Enfin, je tiens à dire que ce que nous ferons des dix années qui nous séparent de l’an 2000 commandera la suite et dira si nous avons su consolider l’immense espérance qui s’est levée en 1989.
– Monsieur le Président, madame, l’année qui vient de s’écouler est souvent comparée, dans les chroniques qui fleurissent, à 1848. Or, en 1848, un hebdomadaire hongrois publié à Paris affirmait que la Hongrie était mieux connue à l’époque de Louis XIV qu’au milieu du XIXème siècle. C’est vrai que la France du XVIIème et celle du début du siècle des Lumières se passionna pour la Hongrie : Montesquieu s’y rendit, Voltaire analysa toutes les réalités de votre pays. Un trop long oubli ou un trop long silence, une trop longue séparation mais qu’est-ce que deux siècles ? Je pense que les conditions sont maintenant réunies pour que s’épanouisse à nouveau un intérêt si ancien pour que revive surtout une amitié active, séculaire. C’est dans cet esprit, monsieur le Président, que je vous propose de lever nos verres, selon la tradition qui nous est commune.
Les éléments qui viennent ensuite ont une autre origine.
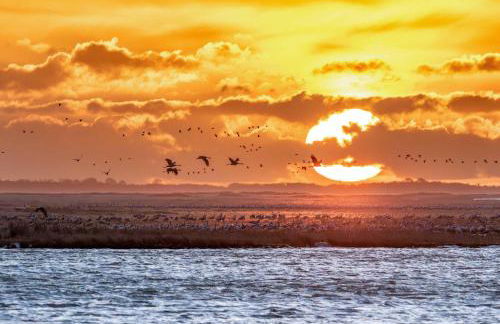 Landidylle - Foto 20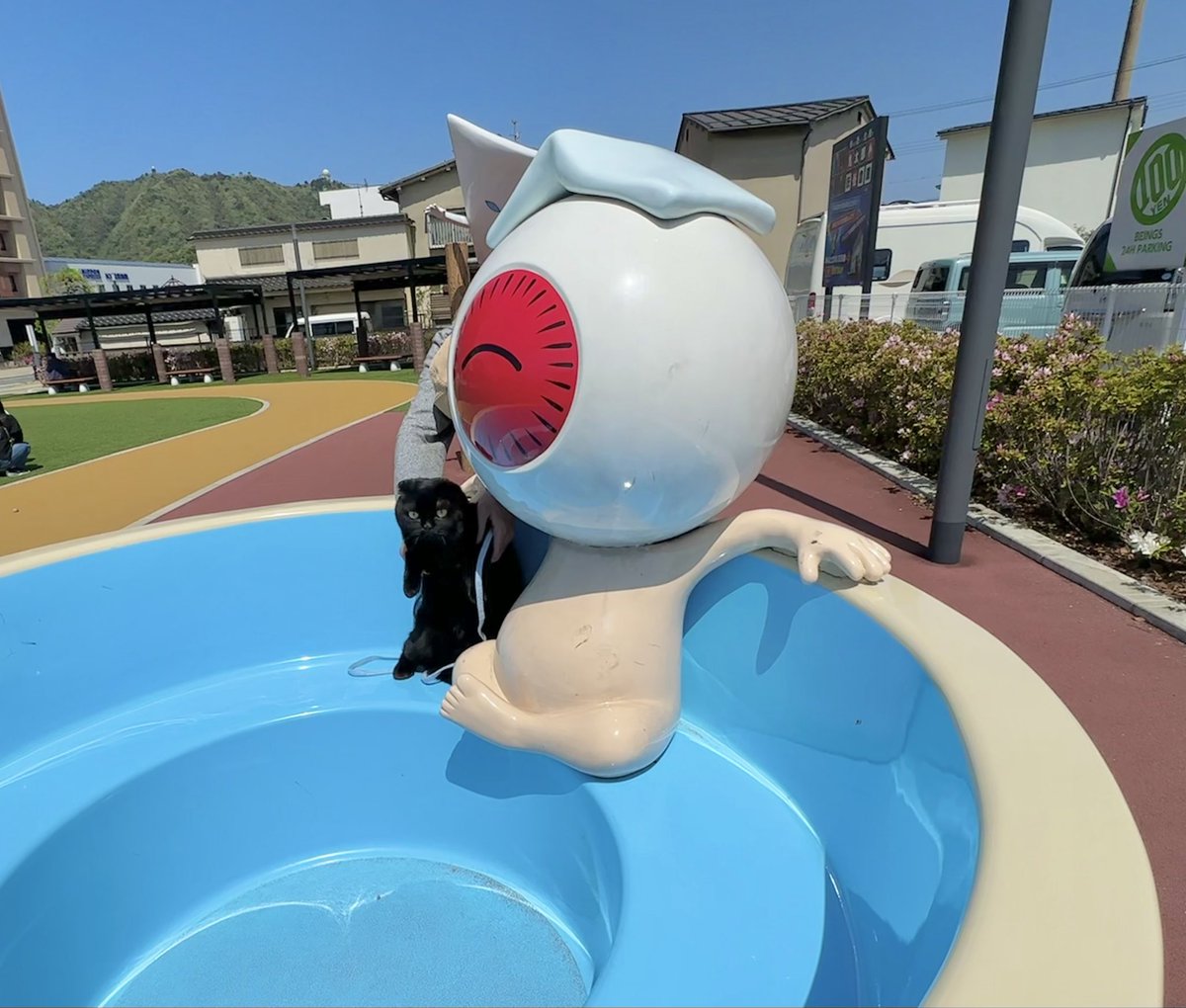 ふわも tweet media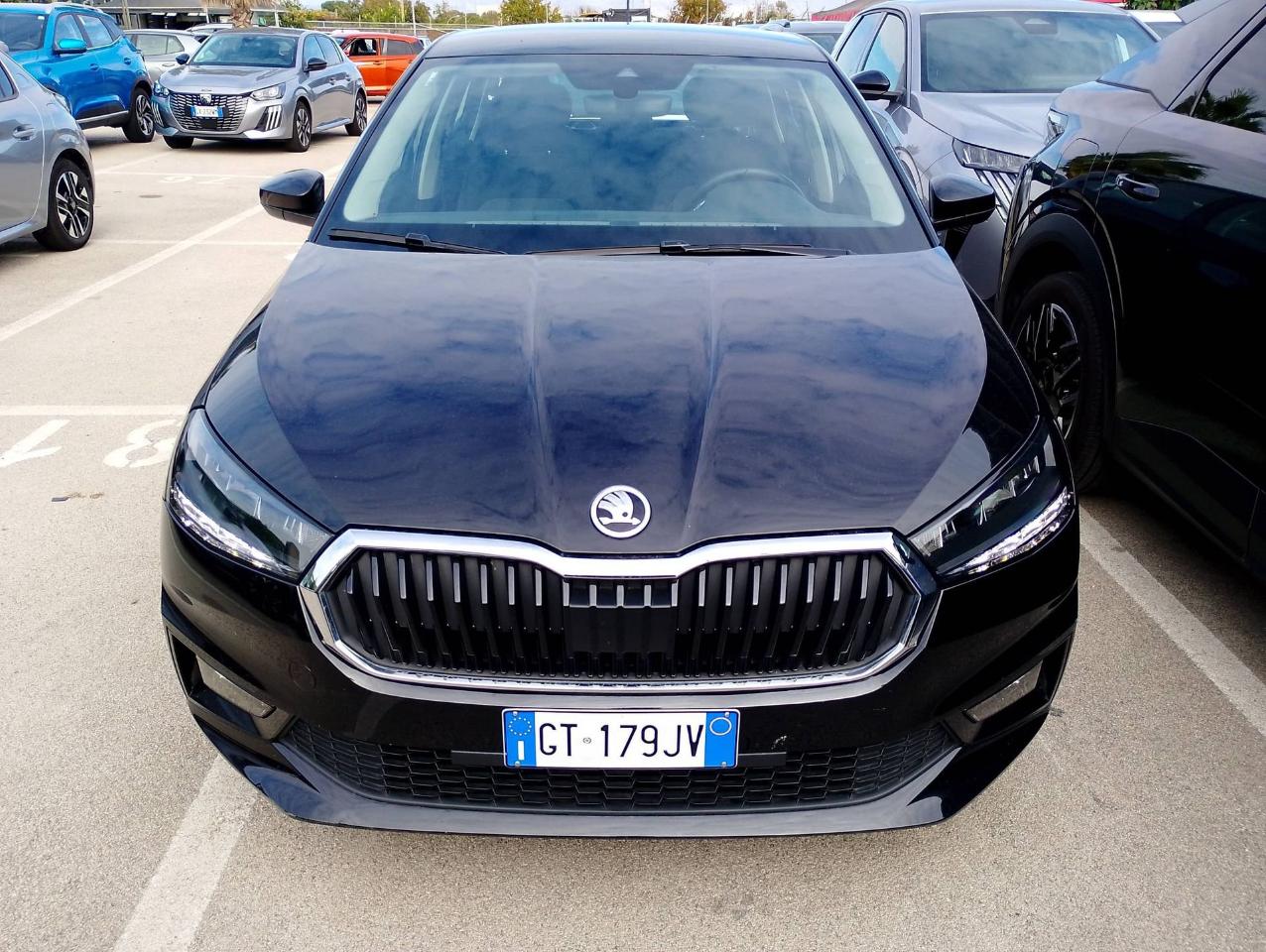 Skoda Skoda Fabia usata 19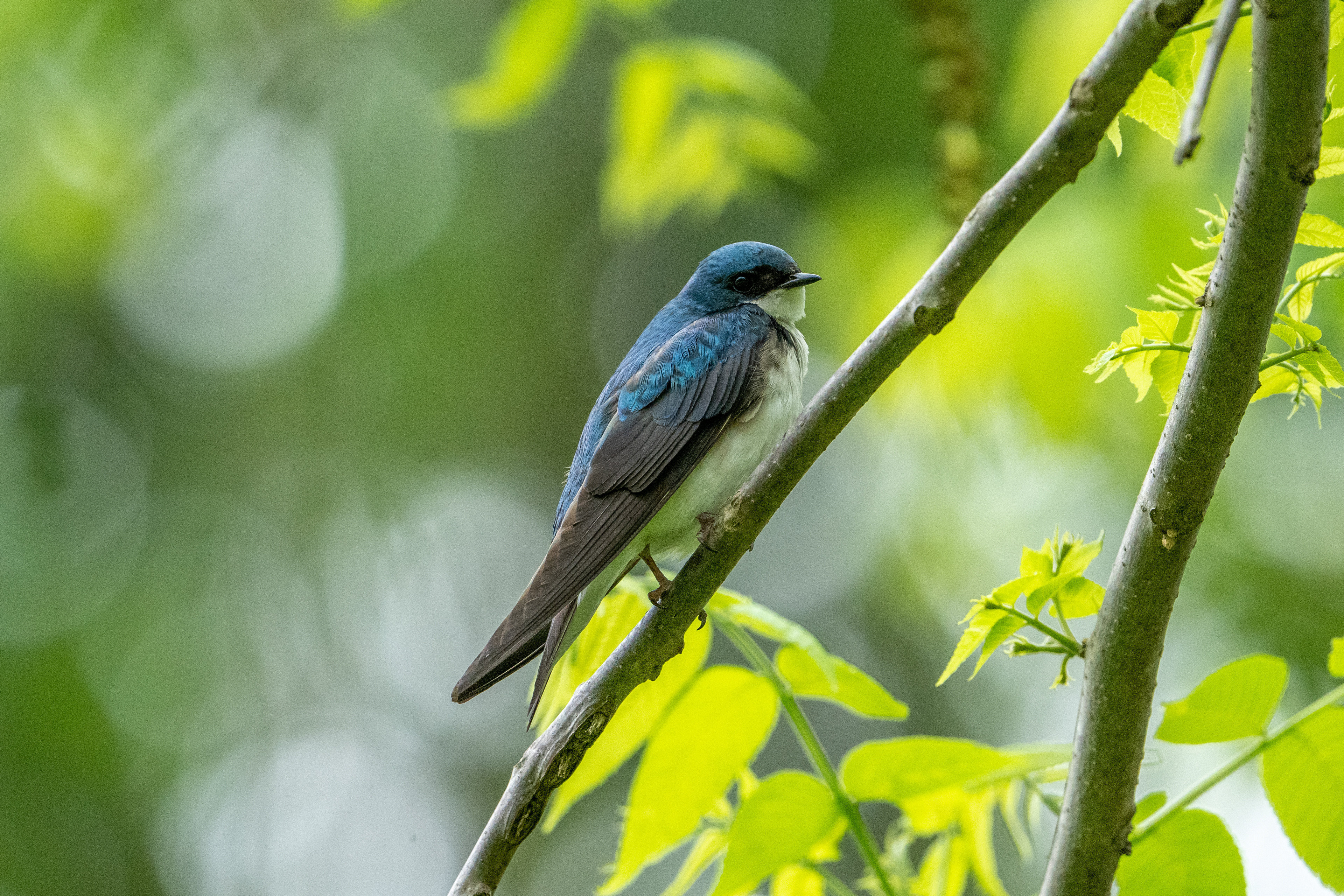 Tree Swallow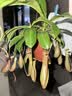 花翁猪笼草盆栽捕蝇草食虫草植物驱蚊虫绿植（6-8个笼子）源头直发 实拍图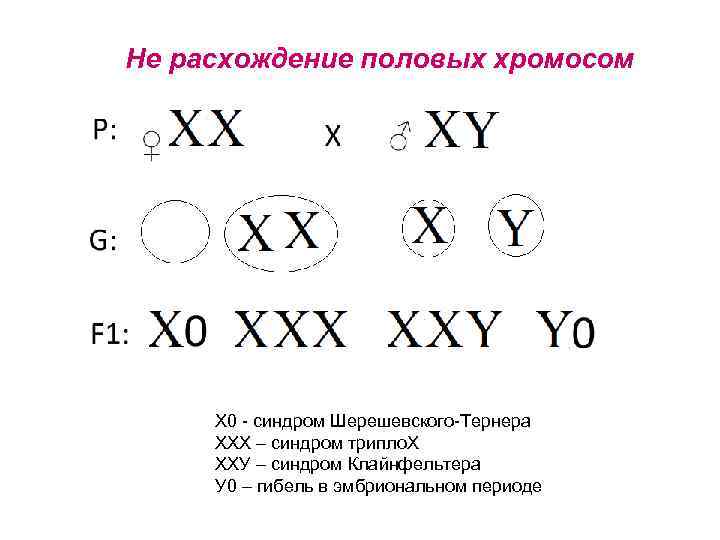 Не расхождение половых хромосом Х 0 синдром Шерешевского Тернера ХХХ – синдром трипло. Х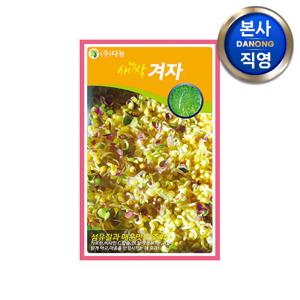 새싹 겨자 씨앗 1kg . 무소독 채소 수경 재배 씨 종자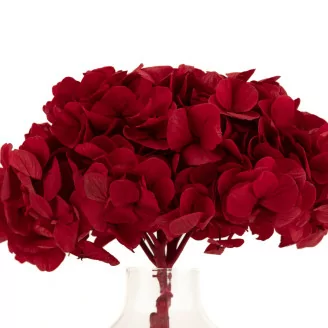 Hortensia stabilis&eacute; Rouge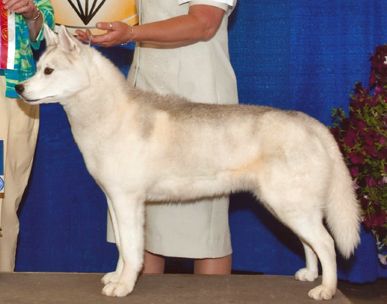 Photo of Kczar's Matovoya Lisa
A votre santé, monsieur le Président, madame, à la santé de ceux que vous aimez, de ceux que vous avez rassemblés autour de cette table auxquels je m’adresse de la même façon et puis au-delà de vos personnes, au-delà de cette salle, au-delà de ce lieu, au peuple hongrois tout entier que je salue comme un ami de mon peuple et que j’ai été heureux de venir rencontrer dans son propre pays.